▸ Collected data
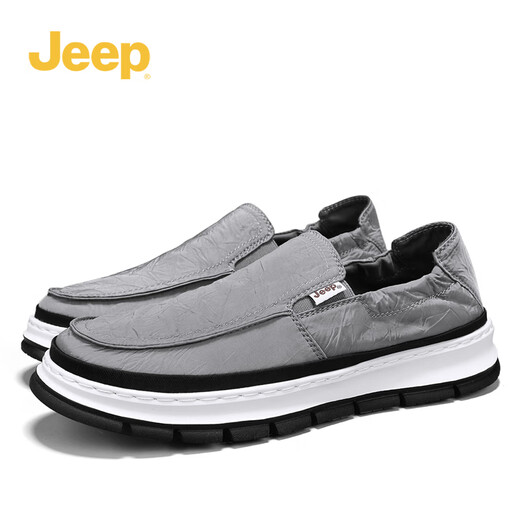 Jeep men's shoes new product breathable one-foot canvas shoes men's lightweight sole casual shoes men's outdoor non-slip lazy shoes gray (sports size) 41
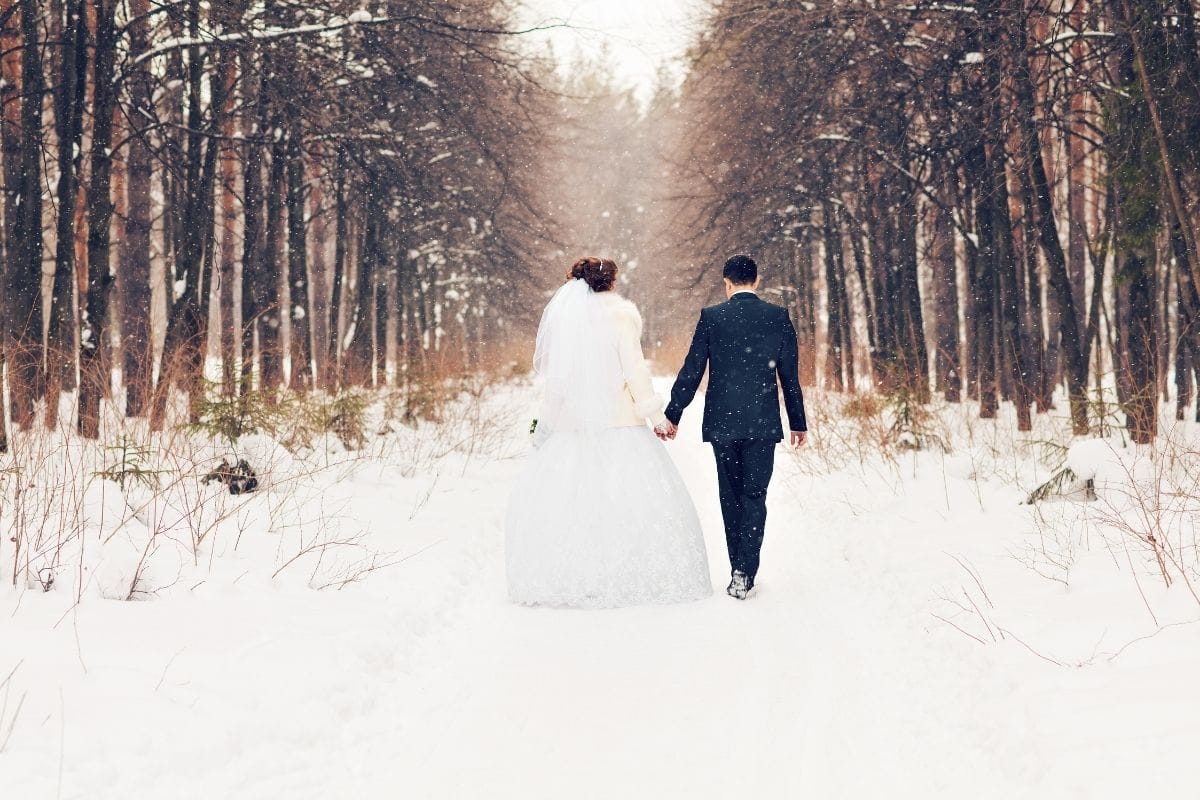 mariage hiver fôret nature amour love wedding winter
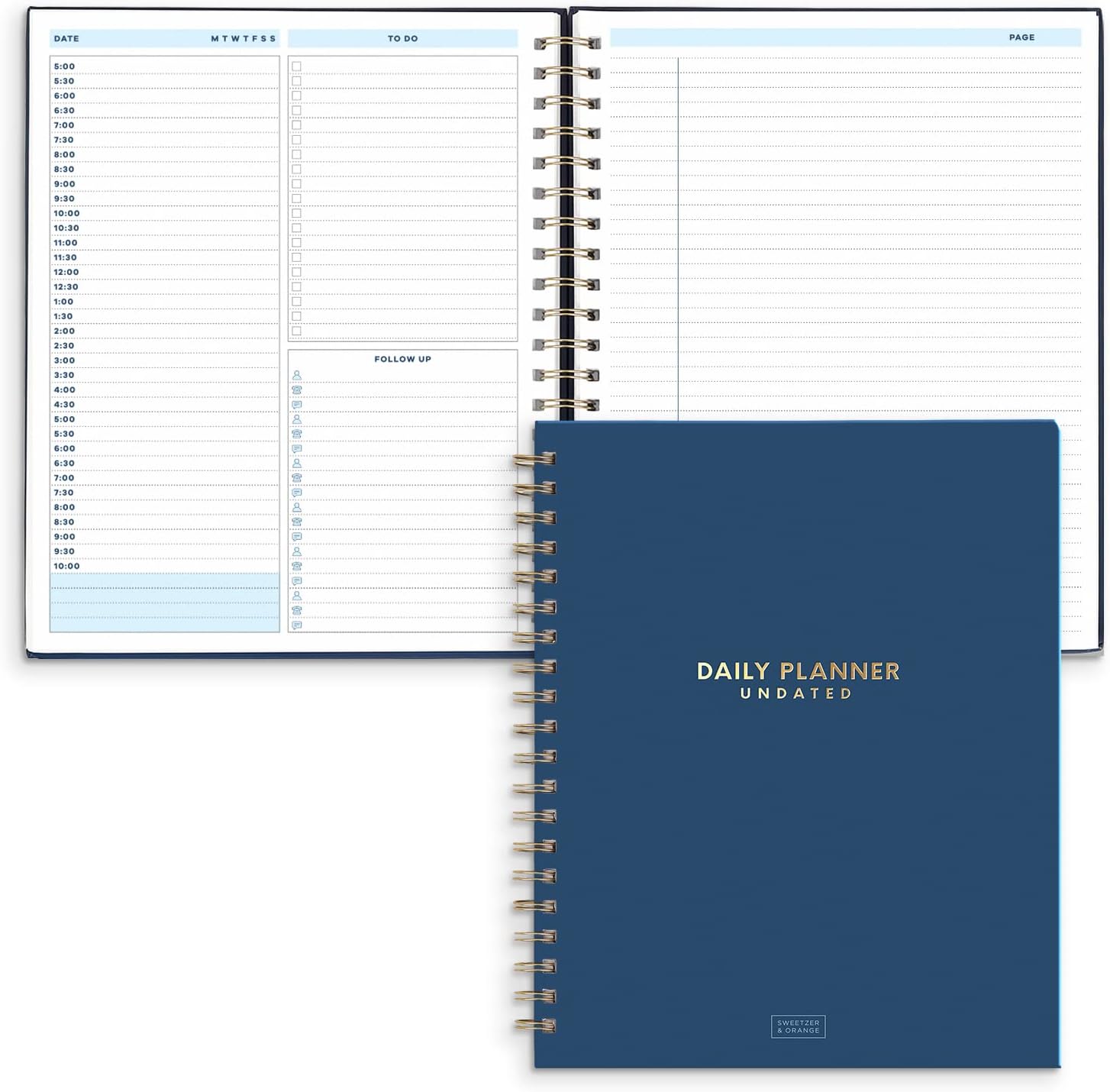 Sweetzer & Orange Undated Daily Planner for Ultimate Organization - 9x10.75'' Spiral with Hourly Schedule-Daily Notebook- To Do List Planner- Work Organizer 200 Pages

▸ What this task involves
Word for word, reproduce all the data, but not the pictures.

▸ Task output
 Jeep men's shoes new product breathable one-foot canvas shoes men's lightweight sole casual shoes men's outdoor non-slip lazy shoes gray (sports size) 41
 mariage hiver fôret nature amour love wedding winter
 Sweetzer & Orange Undated Daily Planner for Ultimate Organization - 9x10.75'' Spiral with Hourly Schedule-Daily Notebook- To Do List Planner- Work Organizer 200 Pages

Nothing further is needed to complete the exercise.